Fenomena tingginya jumlah golput dalam Pilkada Serentak kali ini menjadi perhatian berbagai kalangan, mulai dari akademisi, pengamat politik, hingga masyarakat umum. Angka partisipasi yang rendah menunjukkan adanya persoalan mendasar dalam sistem politik dan demokrasi Indonesia. Pertanyaan besar yang muncul adalah apakah golput kali ini merupakan bentuk penolakan masyarakat terhadap proses politik atau hanya disebabkan oleh faktor lain seperti kejenuhan.
Istilah golput pertama kali muncul pada Pemilu 1971, ketika rezim militer Orde Baru mengendalikan dinamika politik nasional. Saat itu, aktivis mahasiswa mengkampanyekan golput sebagai bentuk protes terhadap pembatasan politik dan manipulasi partai politik. Dalam konteks Pilkada Serentak kali ini, kampanye golput tidak sekeras era tersebut. Namun, angka golput tetap tinggi, menimbulkan spekulasi tentang penyebabnya.
Salah satu faktor yang dianggap berkontribusi adalah kejenuhan masyarakat terhadap proses pemilu yang dimulai sejak akhir 2023 dan memuncak pada Pemilu 14 Februari 2024. Proses panjang ini, yang melibatkan kampanye intensif, debat publik, dan pemberitaan media yang terus-menerus, mungkin membuat sebagian masyarakat merasa lelah dan kehilangan minat untuk kembali berpartisipasi di Pilkada.
Di sisi lain, ada juga dugaan bahwa golput merupakan bentuk protes diam-diam terhadap sistem penentuan calon kepala daerah yang terlalu didominasi oleh kepentingan partai politik.
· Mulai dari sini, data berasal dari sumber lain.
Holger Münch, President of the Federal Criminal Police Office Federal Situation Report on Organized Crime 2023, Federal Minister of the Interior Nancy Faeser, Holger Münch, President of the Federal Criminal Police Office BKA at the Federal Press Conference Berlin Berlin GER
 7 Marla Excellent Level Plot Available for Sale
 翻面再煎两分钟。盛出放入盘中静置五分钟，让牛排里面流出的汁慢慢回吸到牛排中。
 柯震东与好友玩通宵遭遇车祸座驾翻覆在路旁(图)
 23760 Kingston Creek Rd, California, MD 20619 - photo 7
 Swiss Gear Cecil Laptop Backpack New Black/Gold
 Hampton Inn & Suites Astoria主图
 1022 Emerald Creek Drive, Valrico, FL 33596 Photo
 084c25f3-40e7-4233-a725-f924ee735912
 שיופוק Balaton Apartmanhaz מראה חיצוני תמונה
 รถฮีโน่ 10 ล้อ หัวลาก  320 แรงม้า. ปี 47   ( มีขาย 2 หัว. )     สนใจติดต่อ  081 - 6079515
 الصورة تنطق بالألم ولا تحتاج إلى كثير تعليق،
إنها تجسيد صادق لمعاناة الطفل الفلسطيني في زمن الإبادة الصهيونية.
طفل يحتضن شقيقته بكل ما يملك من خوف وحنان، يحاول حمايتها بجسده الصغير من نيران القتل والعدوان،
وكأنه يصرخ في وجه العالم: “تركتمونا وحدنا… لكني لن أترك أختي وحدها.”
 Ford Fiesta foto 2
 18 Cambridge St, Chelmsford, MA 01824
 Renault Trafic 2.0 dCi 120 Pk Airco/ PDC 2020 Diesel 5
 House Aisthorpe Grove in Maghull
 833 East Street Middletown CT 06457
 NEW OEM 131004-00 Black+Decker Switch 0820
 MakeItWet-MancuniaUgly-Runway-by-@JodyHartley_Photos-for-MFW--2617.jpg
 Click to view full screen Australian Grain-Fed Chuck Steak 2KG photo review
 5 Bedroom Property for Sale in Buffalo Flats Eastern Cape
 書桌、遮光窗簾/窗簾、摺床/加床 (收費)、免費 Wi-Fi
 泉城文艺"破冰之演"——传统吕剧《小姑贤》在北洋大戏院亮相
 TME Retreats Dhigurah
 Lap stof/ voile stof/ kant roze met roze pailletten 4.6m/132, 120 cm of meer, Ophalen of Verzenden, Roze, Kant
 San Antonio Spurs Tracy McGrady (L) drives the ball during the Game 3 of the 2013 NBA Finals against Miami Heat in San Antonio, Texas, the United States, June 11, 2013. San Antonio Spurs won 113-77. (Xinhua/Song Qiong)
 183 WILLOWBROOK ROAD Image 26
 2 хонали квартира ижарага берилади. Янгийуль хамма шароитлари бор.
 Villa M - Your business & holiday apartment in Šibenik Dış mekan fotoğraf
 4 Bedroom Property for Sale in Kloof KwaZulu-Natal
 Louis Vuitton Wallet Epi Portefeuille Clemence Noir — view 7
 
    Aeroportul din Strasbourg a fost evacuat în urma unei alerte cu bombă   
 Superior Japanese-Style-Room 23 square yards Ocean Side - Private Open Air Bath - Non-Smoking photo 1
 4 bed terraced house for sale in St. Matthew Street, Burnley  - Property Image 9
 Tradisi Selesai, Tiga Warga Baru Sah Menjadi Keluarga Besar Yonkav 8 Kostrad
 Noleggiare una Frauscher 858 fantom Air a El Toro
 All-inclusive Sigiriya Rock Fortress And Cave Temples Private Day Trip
Dalam banyak kasus, calon yang diusung sering kali tidak mencerminkan aspirasi masyarakat lokal, melainkan kepentingan elit parpol. Hal ini menciptakan rasa apatis di kalangan pemilih, yang merasa suara mereka tidak memiliki dampak signifikan.
Kenyataan ini diperkuat oleh survei yang menunjukkan bahwa banyak masyarakat tidak merasa terwakili oleh calon-calon yang ada. Mereka menganggap kandidat yang maju tidak memiliki rekam jejak atau visi yang jelas untuk memperbaiki kondisi daerah mereka. Akibatnya, mereka memilih untuk tidak memberikan suara sama sekali daripada mendukung calon yang mereka anggap tidak kompeten.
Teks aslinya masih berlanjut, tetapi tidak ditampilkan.